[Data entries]
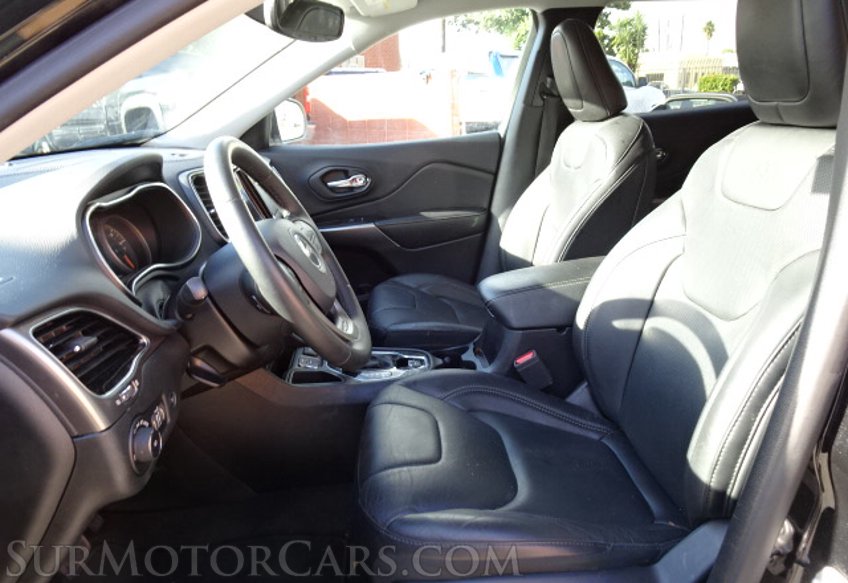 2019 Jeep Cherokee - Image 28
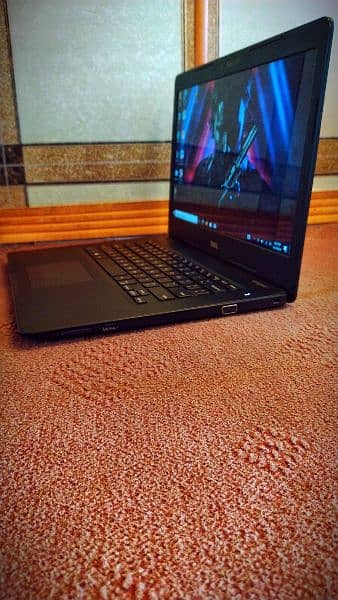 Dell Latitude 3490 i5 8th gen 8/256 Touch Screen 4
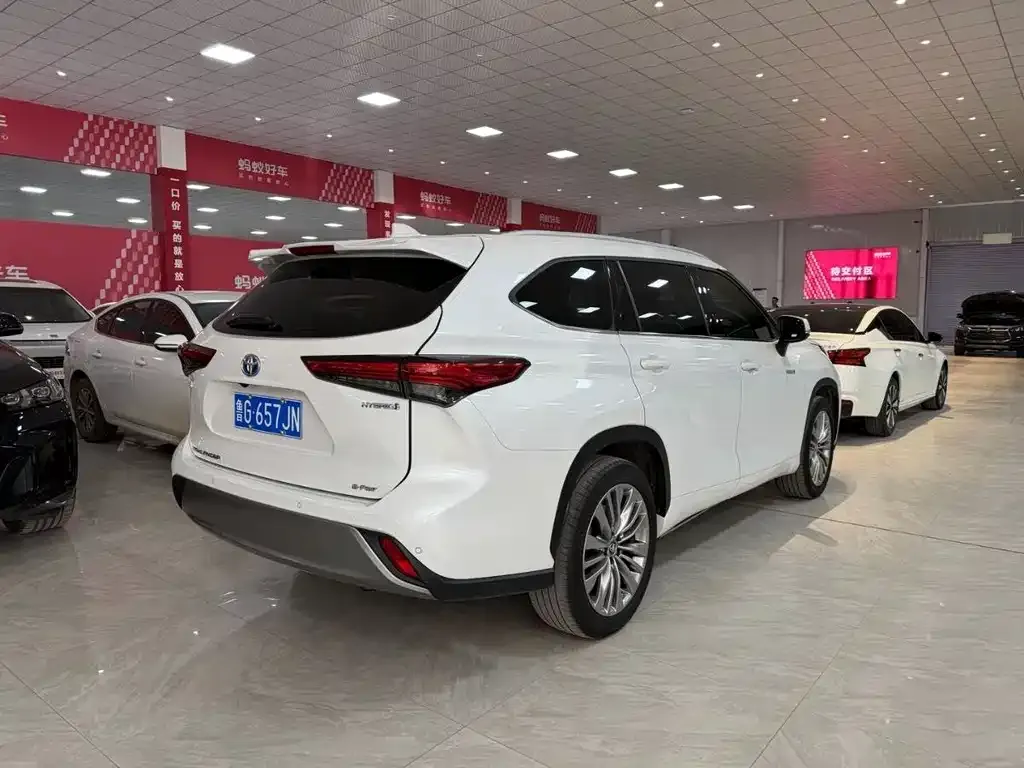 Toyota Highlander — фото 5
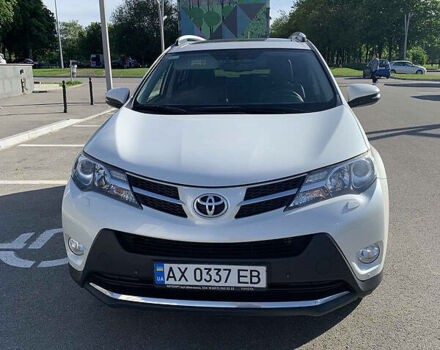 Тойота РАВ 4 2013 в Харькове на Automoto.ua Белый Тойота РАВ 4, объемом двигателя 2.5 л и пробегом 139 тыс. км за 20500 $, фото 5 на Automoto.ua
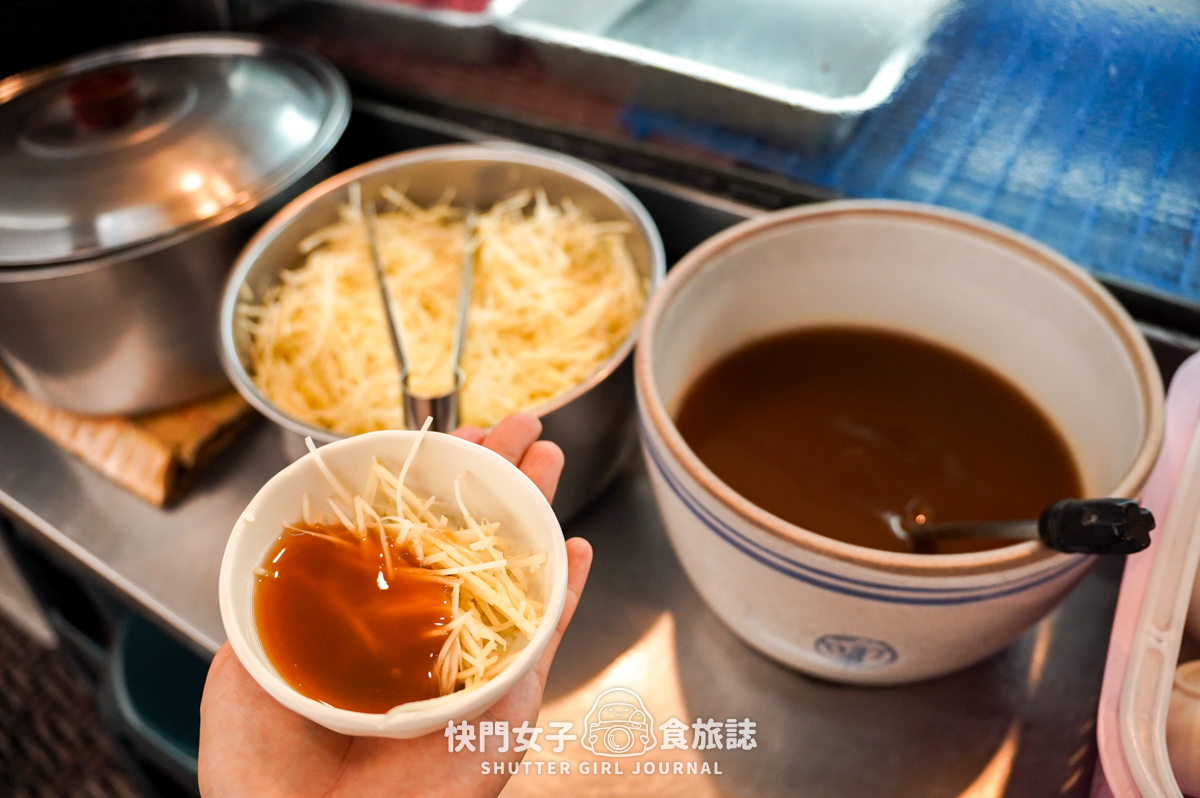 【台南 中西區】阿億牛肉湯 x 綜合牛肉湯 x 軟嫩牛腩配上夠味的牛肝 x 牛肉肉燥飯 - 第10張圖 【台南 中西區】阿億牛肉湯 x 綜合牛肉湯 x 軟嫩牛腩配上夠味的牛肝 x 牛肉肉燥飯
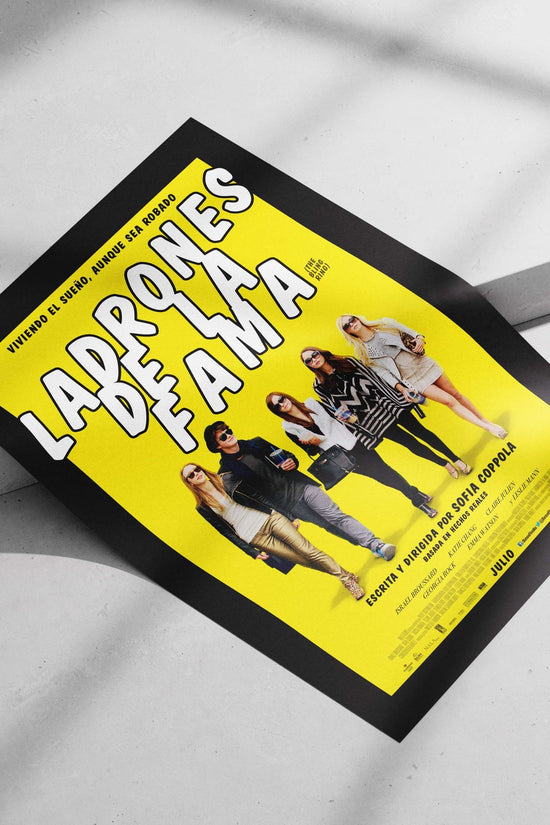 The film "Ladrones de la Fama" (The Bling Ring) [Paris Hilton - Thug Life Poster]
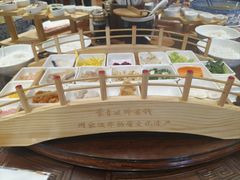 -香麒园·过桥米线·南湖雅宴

→ What to work on
Pictures excluded, print only the lines from the one with "Тойота РАВ 4 2013" through the end of the entries above, exactly as written.

→ Answer to the problem
 Тойота РАВ 4 2013 в Харькове на Automoto.ua Белый Тойота РАВ 4, объемом двигателя 2.5 л и пробегом 139 тыс. км за 20500 $, фото 5 на Automoto.ua
 【台南 中西區】阿億牛肉湯 x 綜合牛肉湯 x 軟嫩牛腩配上夠味的牛肝 x 牛肉肉燥飯 - 第10張圖 【台南 中西區】阿億牛肉湯 x 綜合牛肉湯 x 軟嫩牛腩配上夠味的牛肝 x 牛肉肉燥飯
 The film "Ladrones de la Fama" (The Bling Ring) [Paris Hilton - Thug Life Poster]
 -香麒园·过桥米线·南湖雅宴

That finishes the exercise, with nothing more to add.